By Jay Sanders
There must have been a mistake. I had no business being included in this group or in front of all these people. But there I was. Scared to death.
You see, the church I grew up in was pretty big, and they weren’t afraid to put on a big production for Christmas. Somehow, even though I can’t play an instrument or sing, I got caught up in one of those big productions.
At every other Christmas production I was involved in as a kid, I never got to play the part of baby Jesus, Joseph, or the chief shepherd. I was playing the part of the disgruntled kid who didn’t want to be there.
Only I wasn’t playing a part
I can still remember one sweet lady at that church, Mrs. Hawkins. She noticed my frustrations during one Saturday evening practice that was running long.
She walked up to me, seemingly out of nowhere, and said, “Don’t worry, Jay. This will all be over soon, and you’ll be home in time to watch wrestling.”
That lady knew me.
So considering I had no rhythm and no ability to sing, how did I end up on the main stage with a speaking part and a solo? At the time, I wasn’t sure.
I just wanted to go home and watch wrestling
I was one of the three emcees of the event. Two other kids and I played the part of angel grandkids asking their angel grandfather questions about Christmas.
And just like in real life, a large choir would sing the answers to us. Yeah.
The guy who played our grandfather was a professional. He had a radio show on a major Atlanta station and he did a lot of voiceover work. I can’t prove it, but I’m pretty sure he taught Morgan Freeman everything he knows.
The two other kids with me always looked like they just stepped out of a catalog for children’s clothing.
The boy had one of those haircuts that, in the 80s, meant you were somebody. It was straight up top, but in the back it was curly. I guess you could say it was the mullet’s older, more respectable cousin.
The girl was the type who never did anything wrong. I think the closest she ever got to getting into trouble was when she almost forgot to return Little House on the Prairie to the library two days early.
And then there was me
The kid with no musical ability whatsoever who would rather be at home watching Ric Flair wrestle Dusty Rhodes. Can you blame me?
Well, right before the play, my female colleague got really sick from being nervous. This didn’t help me. “If the girl who never messes up is nervous, then I’m in big trouble,” I thought.
Nevertheless, I made it through my speaking parts without a problem. I was good at talking, I guess. But then came the time for me to sing my solo.
I still remember the song, “A Little is a Lot” and the line I had to sing was, “Believing you can light up the sky.”
I nailed it with no vomiting or squeaky-voice debacle
Of course, I’ve never been asked to sing a solo since that night but I’m sure that’s just a coincidence.
I think about that play every Christmas as I prepare to preach a month’s worth of sermons about the birth of Jesus.
This can be an intimidating season for a lot of pastors, myself included. There’s the temptation to make the story fresh or to add a new, relevant spin on it.
In the end, just stick with the simple story of God sending His Son to save His people from their sins.
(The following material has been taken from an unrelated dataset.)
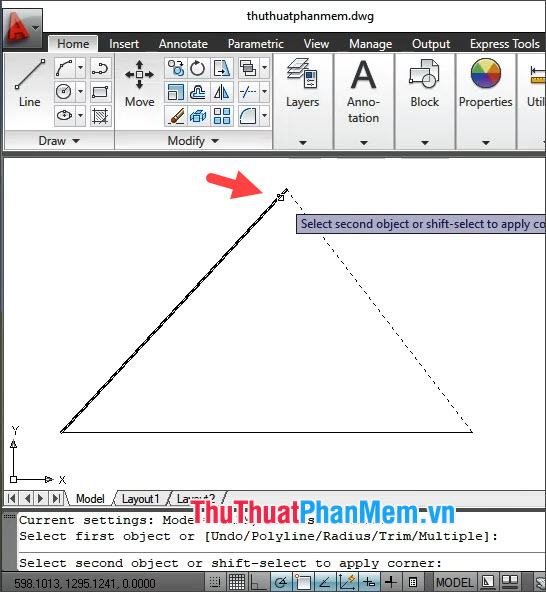 Bạn nhấp chuột trái vào điểm góc thứ hai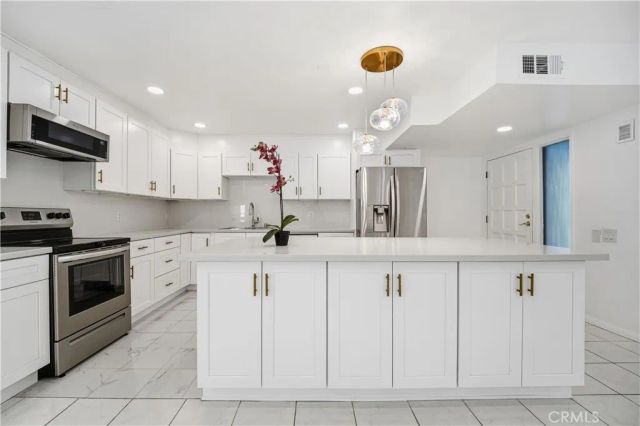 5301 Balboa Boulevard F7, Encino, CA 91316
Sure, most everyone has heard it before, but we could all use another listen.
Pastor, don’t beat yourself up this Christmas
Don’t wear yourself out trying to top what the hip new church across town is doing. You don’t have to be the seasoned expert with the great voice or the perfect performer with the trendy haircut.
Just show up and tell people about Jesus. It really is that simple.
Ultimately, people don’t need a production. But they could sure use some hope, and there’s no better place to find it than in the true story of God’s miraculous plan to undo the sting of sin and death.
When I was a kid, I was at church every time the doors were open. I think that’s why I got the singing and speaking part that year.
It wasn’t because I had the best voice, that certain look, or the “it” factor. It’s because they knew I’d be there.
Pastor, if all you do during your Christmas services this year is show up and point people to Jesus, you’ve done your job well.
Like the old song says, a little is a lot.